NVIDIA and Mistral AI Achieve 10x Faster Inference Speed

Partnership Overview

NVIDIA announced a significant expansion of its strategic collaboration with Mistral AI. This partnership coincides with the release of the new Mistral 3 frontier open model family, marking a pivotal moment where hardware acceleration and open-source model architecture have converged to redefine performance benchmarks.

Performance Improvement: A Game Changer

This collaboration leads to a massive leap in inference speed: the new models now run up to 10x faster on NVIDIA GB200 NVL72 systems compared to the previous generation H200 systems, unlocking unprecedented efficiency for enterprise-grade AI. This promises to solve the latency and cost bottlenecks that have historically plagued large-scale deployment of reasoning models.

A Generational Leap: Focus on Blackwell

As enterprise demand shifts from simple chatbots to high-reasoning, long-context agents, inference efficiency has become a critical bottleneck. The collaboration between NVIDIA and Mistral AI addresses this head-on by optimizing the Mistral 3 family specifically for the NVIDIA Blackwell architecture.

Where production AI systems must deliver both strong user experience (UX) and cost-efficient scale, the NVIDIA GB200 NVL72 provides up to 10x higher performance than the previous H200 generation. This translates to significantly higher energy efficiency, exceeding 5,000,000 tokens per second per megawatt (MW) at user interactivity rates of 40 tokens per second.

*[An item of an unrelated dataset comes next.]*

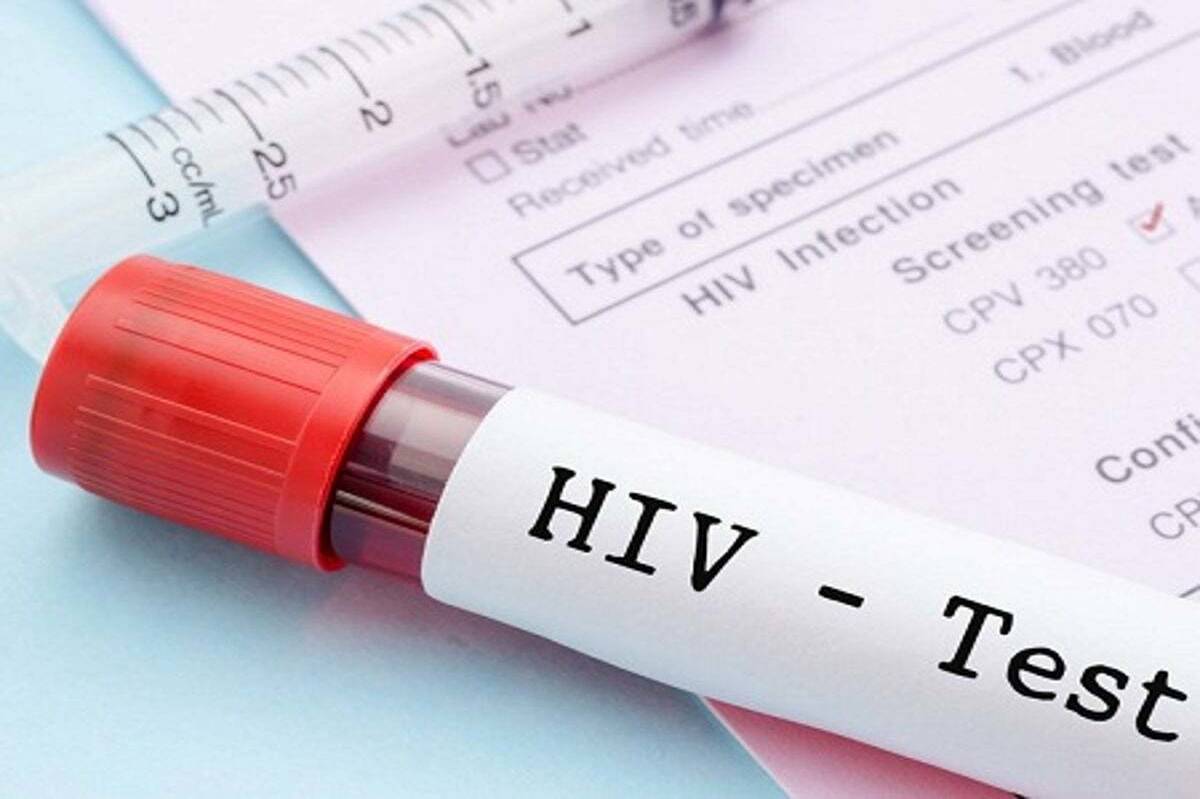 در پویش"من هم تست HIV می‌دهم " به دنبال اطلاع‌رسانی همگانی هستیم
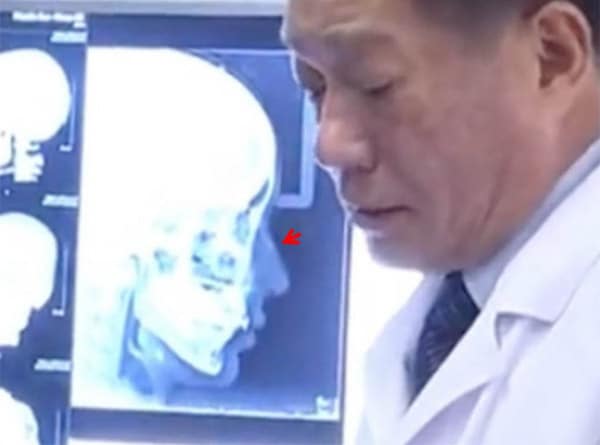 陳怡傑醫師｜從Angelababy鼻子裡的那一根異物談起(下)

The Mistral 3 Family: Engineered for Efficiency

The driving force behind this performance leap is the newly released Mistral 3 family, delivering industry-leading accuracy, efficiency, and customization capabilities. The suite covers the spectrum from massive data center workloads to edge device inference.

Mistral Large 3: State-of-the-Art Model

At the top of this hierarchy sits Mistral Large 3, a state-of-the-art sparse Multimodal and Multilingual Mixture-of-Experts (MoE) model.

Total Parameters: 675 Billion
Active Parameters: 41 Billion
Context Window: 256K tokens
Trained on NVIDIA Hopper GPUs, Mistral Large 3 is designed to handle complex reasoning tasks, offering parity with top-tier closed models while retaining the flexibility of open weights.

Ministral 3: High-Performance Edge Models

Complementing the large model is the Ministral 3 series, featuring small, dense, high-performance models designed for speed and versatility.

Sizes: 3B, 8B, and 14B parameters.
Variants: Base, Instruct, and Reasoning for each size (nine models total).
Context Window: 256K tokens across the board.
The Ministral 3 series excels at GPQA Diamond Accuracy benchmark by utilizing 100 less tokens while delivering higher accuracy.

Technical Advancement: Optimization Stack

The claim of "10x" performance is driven by a comprehensive stack of optimizations co-developed by Mistral and NVIDIA engineers using an approach of extreme co-design.

TensorRT-LLM Wide Expert Parallelism (Wide-EP)

To fully exploit the massive scale of the GB200 NVL72, NVIDIA employed Wide Expert Parallelism within TensorRT-LLM. This technology boosts performance by optimizing MoE GroupGEMM kernels, expert distribution, and load balancing. It also exploits the NVL72’s coherent memory domain and NVLink fabric.

Native NVFP4 Quantization

A significant technical advancement is support for NVFP4, a quantization format native to the Blackwell architecture. For Mistral Large 3, developers can deploy an NVFP4 checkpoint quantized offline using the open-source llm-compressor library.

Disaggregated Serving with NVIDIA Dynamo

Mistral Large 3 utilizes NVIDIA Dynamo, a low-latency distributed inference framework, to disaggregate the prefill and decode phases of inference, significantly boosting performance for long-context workloads.

Broad Deployment Capabilities: Cloud to Edge

Optimization efforts extend beyond data centers. The Ministral 3 series is engineered for edge deployment, offering flexibility for various needs.

RTX and Jetson Acceleration

The dense Ministral models are optimized for platforms like the NVIDIA GeForce RTX AI PC and NVIDIA Jetson robotics modules.

Broad Framework Support

NVIDIA collaborates with open-source communities to ensure these models are usable everywhere across various frameworks, including Llama.cpp and vLLM.

Production-Ready Solutions with NVIDIA NIM

To streamline enterprise adoption, the new models are accessible through NVIDIA NIM microservices, allowing deployment with minimal setup.

A New Standard for Open Intelligence

The release of the NVIDIA-accelerated Mistral 3 models represents a major leap for AI in the open-source community. With expected optimizations such as speculative decoding and multitoken prediction further pushing performance, Mistral 3 is pivotal for AI applications.